Today we will take a look at more unique approaches to creative environments for work. Enjoy!
1. Bahnhof – Designed by Albert France Lanord Architects
Built in an atomic bunker, this office looks more like a Bond villain’s hideout. Rather than laser-mounted sharks, however, it houses a humble Swedish internet provider’s data centre. Check out the diverse range of lighting, that ‘Silent Running‘ style work space, and the ultra-ominous meeting room!
2. Brandbase – Designed by Most Architecture
Created as a budget solution to a temporary space problem, this all-pallet office looks like a life-size Lego project.
Pallets were stacked, chopped, and arranged to form stairs, desks and even decorative features. The result is an office with plenty of natural wood tones on display, and a functional, but playful atmosphere.
3. Slovenian Chamber of Commerce and Industry – Designed by Sader + Vuga Architects
Natural elements are all too rare in most work places. A shame considering they’re known to reduce stress, improve air quality, and always look great.

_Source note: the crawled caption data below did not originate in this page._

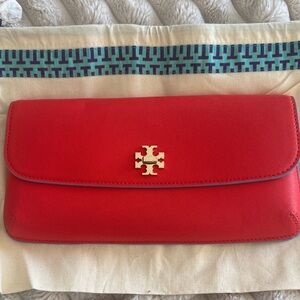 Tory Burch Scarlet Red Clutch
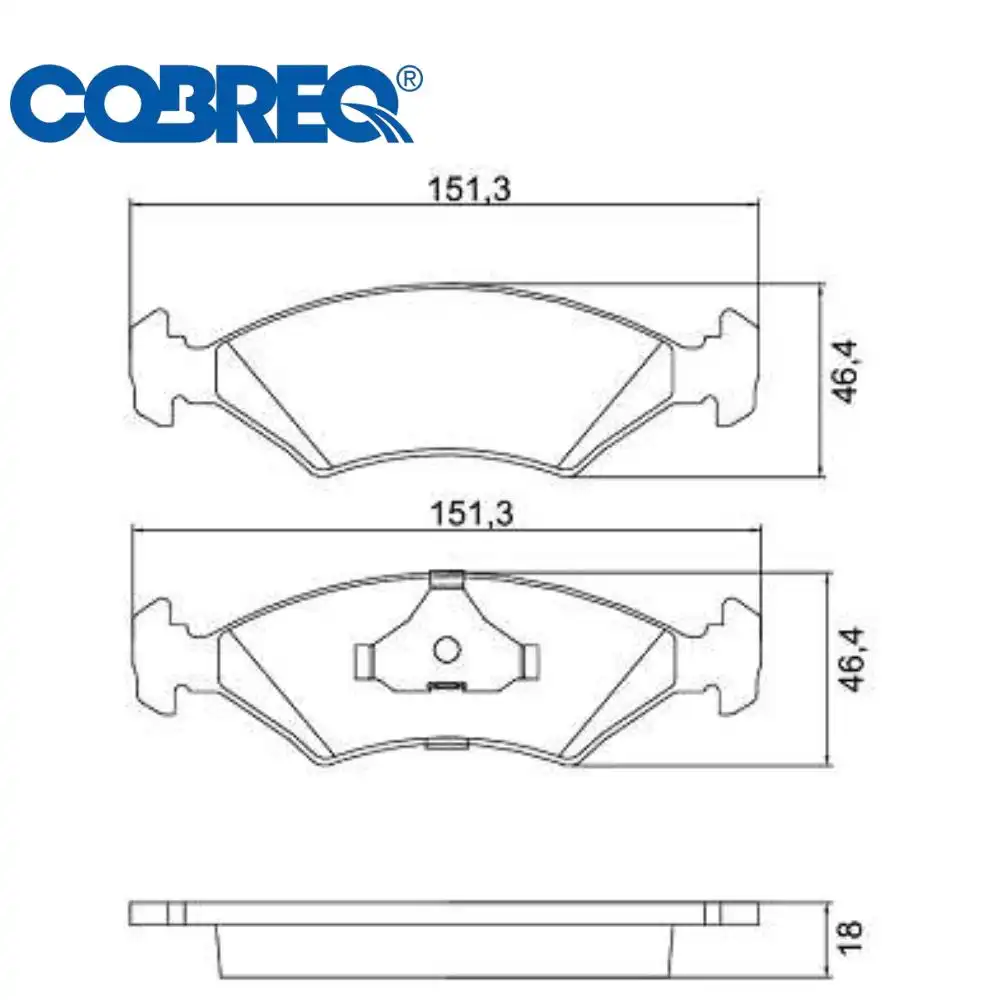 PASTILHA FREIO DIANTEIRA ESCORT HOBBY 1.0 1993 A 1996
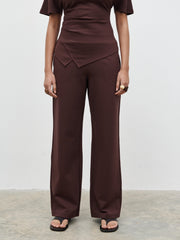 Marni Straight Leg Jersey Trousers - Brown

This cross-pollination between sleek futuristic lines and wild fauna looks like something from an apocalyptic 70s sci-fi flick, but the wild-overgrowth is balanced beautifully by well-crafted natural contours in the structural design.
Intelligently hued lighting brings everything together and makes the entire building look invitingly peaceful from outside.
Despite their CEO blogging about offices being a thing of the past, Virgin Airlines decided to put some effort into redesigning a lot of their offices.
Accommodating the fact their workforce was quite young, they implemented street-style art and quirky touches like ‘car-park dating’, Hitchcock references, chalkboard walls, and faux-wooden door lifts in as many places as they could.
They consciously stayed away from over-using the Virgin colours and branding (a good thing considering the outside world is full of it!).
5. Red Bull London Offices – designed by Jump Studios
Red Bull have exploded as a company over the past decade. Major sponsorships, F1 racing, and a knack for grabbing attention in any endeavour to have set the company apart.
They’ve continued that ethos with their workspaces – every aspect of this London-based office shows a unique perspective or creative flourish.
From flat-carved sofa seats, to a functioning slide alongside the stairs, to a rooftop reception that turns into a bar at night – this is one of the most interesting workplaces in the world.
As if that wasn’t enough, Red Bull’s centre of operations in their native Austria is just as diverse. Situated in the lush Austrian village of Fuschl, from the outside it looks like some interplanetary wood-burning aliens have landed their mothership.
From the inside, organic architectural shapes and natural tones contrast with modern iconography and vibrant colours. The company line is clear from this environment – presentation is everything!
Much like Slader + Vuga design up above, Thinkgarden’s office spaces blend the vibrancy and colour of nature with contoured furniture and equipment to create a working environment that has a relaxed and non-stressful ambience. Check out the hubless, freeform desk areas, the circular light-shades, and the pond-stone style seating cushions.
8. AOL Ventures
Did you even know AOL were still around? There’s been a whole host of changes at the company, not least their renewed vigor for engaging with bright young companies and cutting edge technologies.
Their East Village offices are a perfect reflection of that. Exposed brickwork, arched openings, and a vividly diverse selection of objects and art (check out that English phone box, it’s real!), and a neat balance between private and open areas.
It’s become a bit of a trend amongst workplaces to associate work – particularly creative work – with play. The science backs this up however, and one of the most popular theories is that a child-like state promotes creativity and innovation.
Nowhere has this been taken to such an extreme as the Inventionland offices – a real-life children’s story book come to life. Pirate ships, castles, caves, and race-tracks lie in every corner. It works – Inventionland licences out a new product once every three days!
10. Nothing Amsterdam – designed by Alrik Koudenburg and Joost van Bleiswijk
…And finally, in case all of that was too non-flammable for you, check out Nothings Amsterdam’s offices – built entirely out of cardboard!
Surprisingly, it works – through smart usage of the material’s natural details, they’ve created intricately ornate pillars, sleek-looking storage compartments, and effectively created a consistent, clean design. A perfect example of how a little innovation can give you something cheap, functional, and environmentally friendly.